Task description:
In your copy, leave out all pictures and reproduce every entry exactly.

======

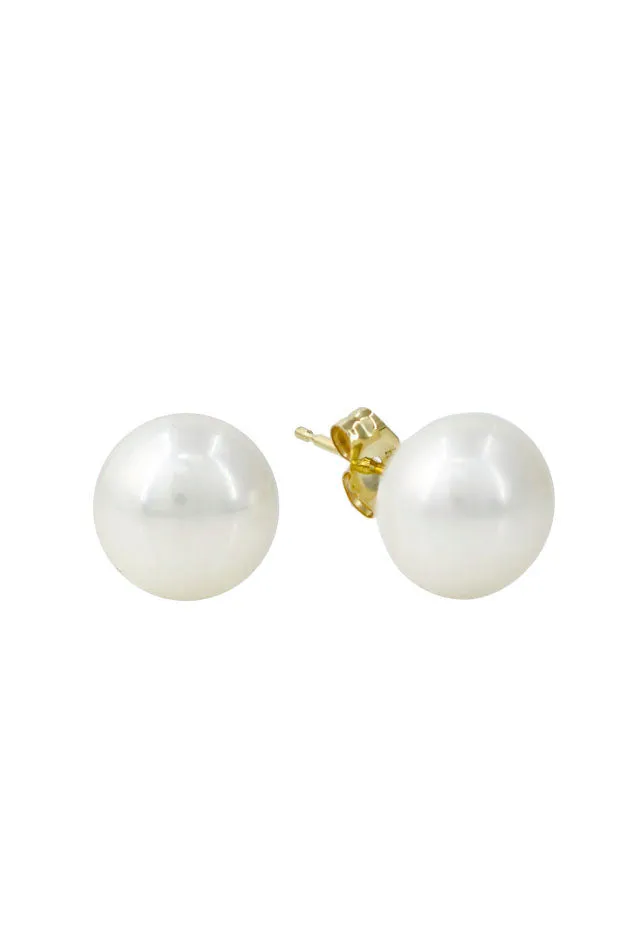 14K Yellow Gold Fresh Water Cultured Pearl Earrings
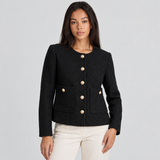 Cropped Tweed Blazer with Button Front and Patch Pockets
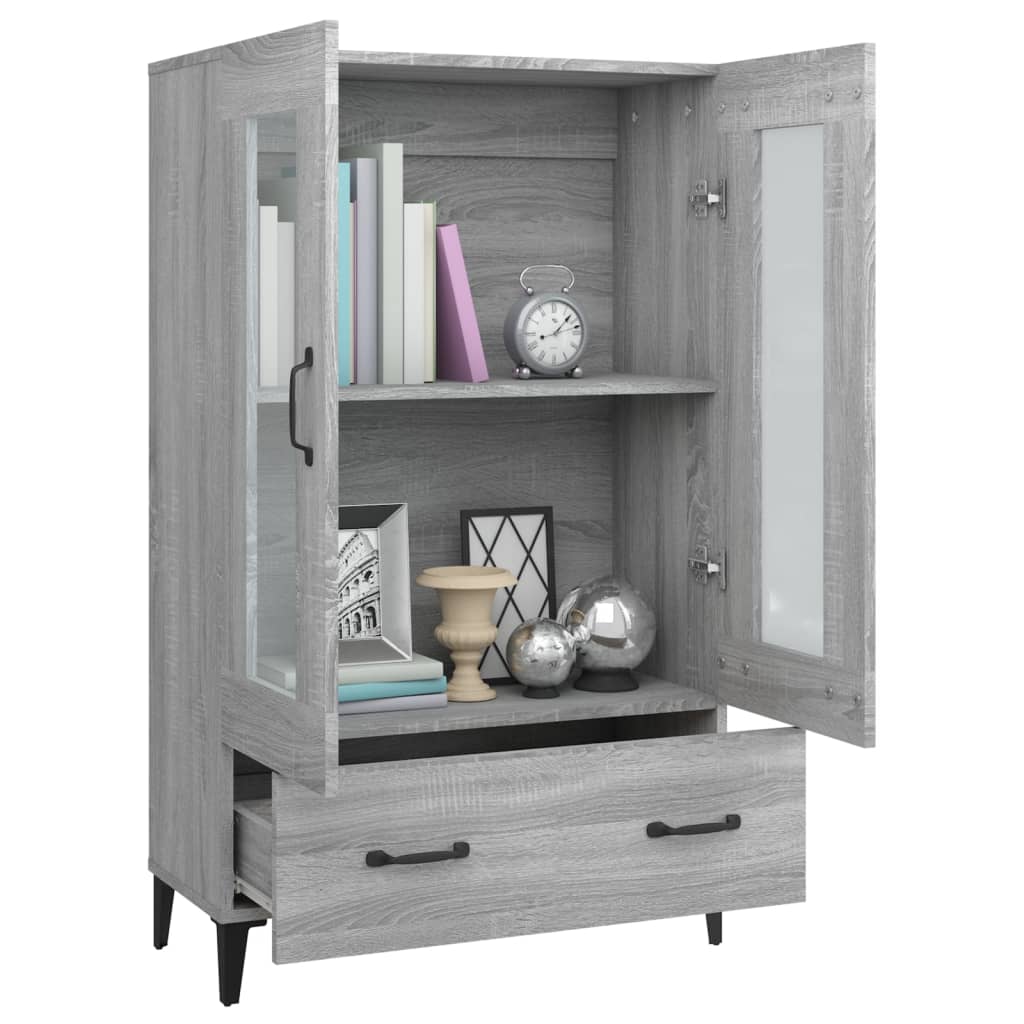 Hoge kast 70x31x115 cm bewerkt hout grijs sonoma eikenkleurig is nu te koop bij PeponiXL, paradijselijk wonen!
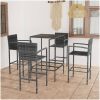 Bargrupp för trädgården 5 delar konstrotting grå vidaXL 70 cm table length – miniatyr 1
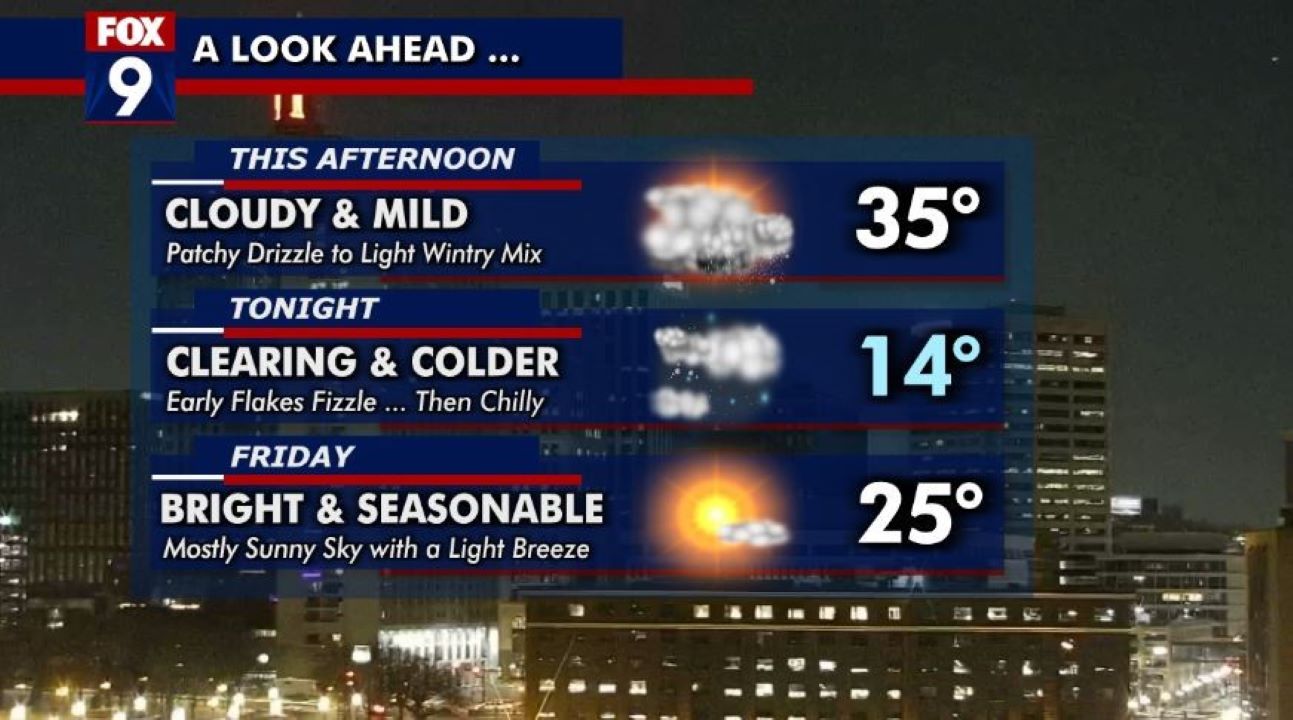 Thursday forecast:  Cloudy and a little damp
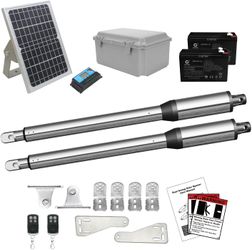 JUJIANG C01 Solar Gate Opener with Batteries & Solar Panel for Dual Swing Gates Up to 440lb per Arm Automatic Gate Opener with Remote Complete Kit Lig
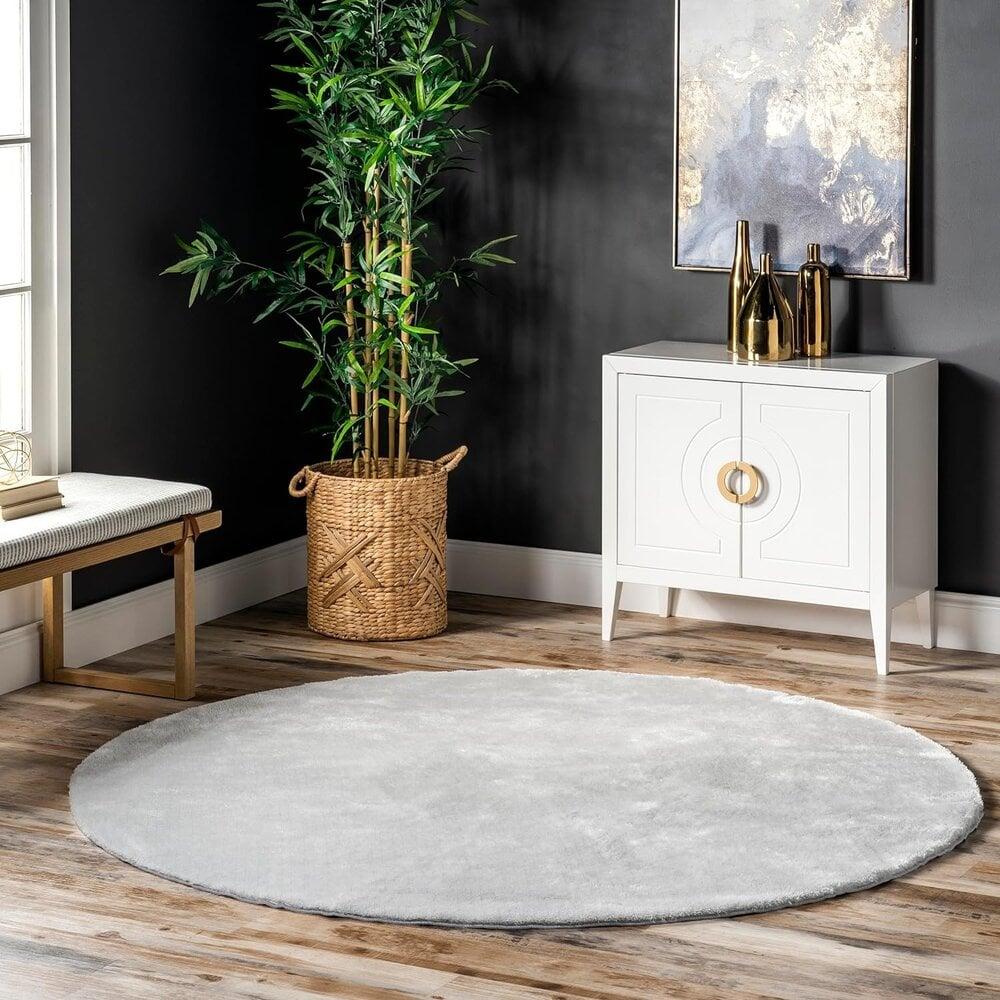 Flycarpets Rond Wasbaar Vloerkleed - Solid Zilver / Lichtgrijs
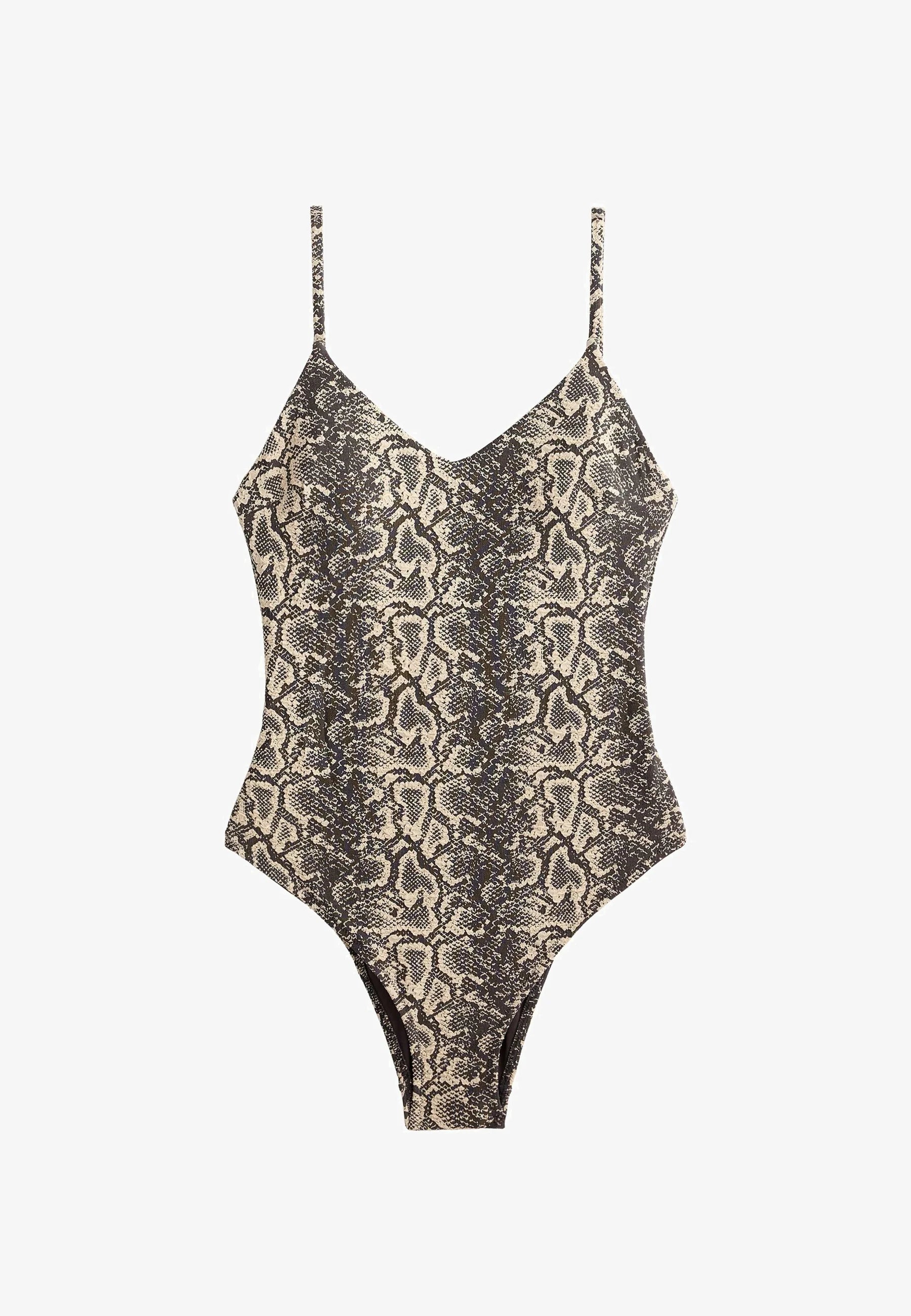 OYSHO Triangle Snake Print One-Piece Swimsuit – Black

======

Final answer:
 14K Yellow Gold Fresh Water Cultured Pearl Earrings
 Cropped Tweed Blazer with Button Front and Patch Pockets
 Hoge kast 70x31x115 cm bewerkt hout grijs sonoma eikenkleurig is nu te koop bij PeponiXL, paradijselijk wonen!
 Bargrupp för trädgården 5 delar konstrotting grå vidaXL 70 cm table length – miniatyr 1
 Thursday forecast:  Cloudy and a little damp
 JUJIANG C01 Solar Gate Opener with Batteries & Solar Panel for Dual Swing Gates Up to 440lb per Arm Automatic Gate Opener with Remote Complete Kit Lig
 Flycarpets Rond Wasbaar Vloerkleed - Solid Zilver / Lichtgrijs
 OYSHO Triangle Snake Print One-Piece Swimsuit – Black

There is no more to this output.